Thiết kế website giá rẻ

Question

I am currently trying to scrape data from a website CCMT 2021 OR CR which has a dynamic structure. The table is paginated, and to navigate to other pages, there is an option of ‘Next’ or clicking on ‘2’, ‘3’, etc. I want to extract all the data and save it to an Excel file.
Previously, I extracted data from a similar link,CCMT 2023 OR CR, using the same approach. Scraping one page (21 rows) took approximately 23 seconds. With 383 pages, the total time was around 2 hours. The 2021 data set is similar in size.

My Goal: I want to make the scraping process faster and more efficient.

Here is the code I used:

from selenium import webdriver
from selenium.common.exceptions import TimeoutException
from selenium.webdriver.chrome.service import Service
from selenium.webdriver.common.by import By
from selenium.webdriver.support.ui import WebDriverWait
from selenium.webdriver.support import expected_conditions as EC
import pandas as pd
import time

# Specify the path to chromedriver if not in PATH
chrome_driver_path = 'chromedriver.exe'  # Adjust the path as needed

# Initialize Chrome WebDriver
service = Service(chrome_driver_path)
driver = webdriver.Chrome(service=service)
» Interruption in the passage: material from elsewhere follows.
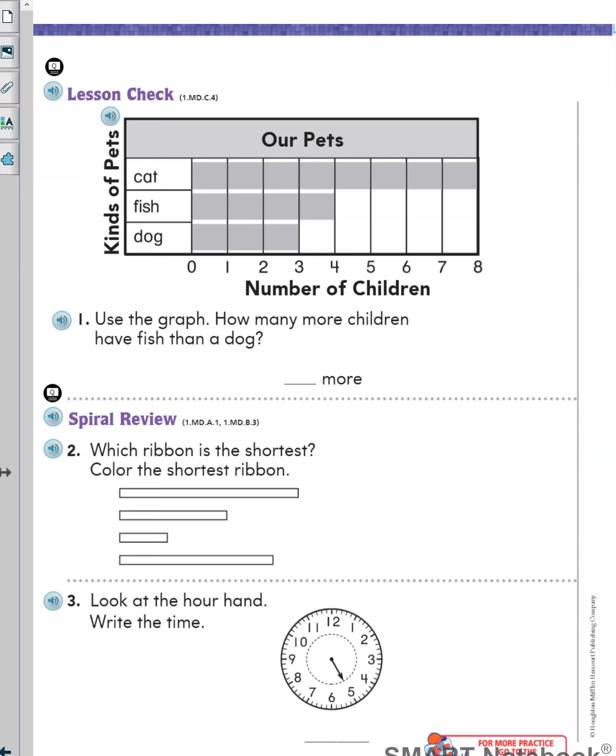I hope you enjoy using graphs to record information you've got from your friends. That's all for today. Have fun. Bye bye.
# Function to scrape data from all pages
def scrape_all_pages(base_url):
    driver.get(base_url)  # Open the base URL

    # Initial wait to allow the page to load
    time.sleep(60)  # Increase this if the page loads very slowly

    # Container to store all the data
    all_data = []

    while True:
        try:
            # Wait until the table is present
            WebDriverWait(driver, 90).until(
                EC.presence_of_element_located((By.XPATH, '//*[@id="mainContent"]/app-jac-delhi/section/form/div/div[5]/div[3]/div/table/tbody/tr'))
            )

            # Locate the table rows on the current page
            data_elements = driver.find_elements(By.XPATH, '//*[@id="mainContent"]/app-jac-delhi/section/form/div/div[5]/div[3]/div/table/tbody/tr')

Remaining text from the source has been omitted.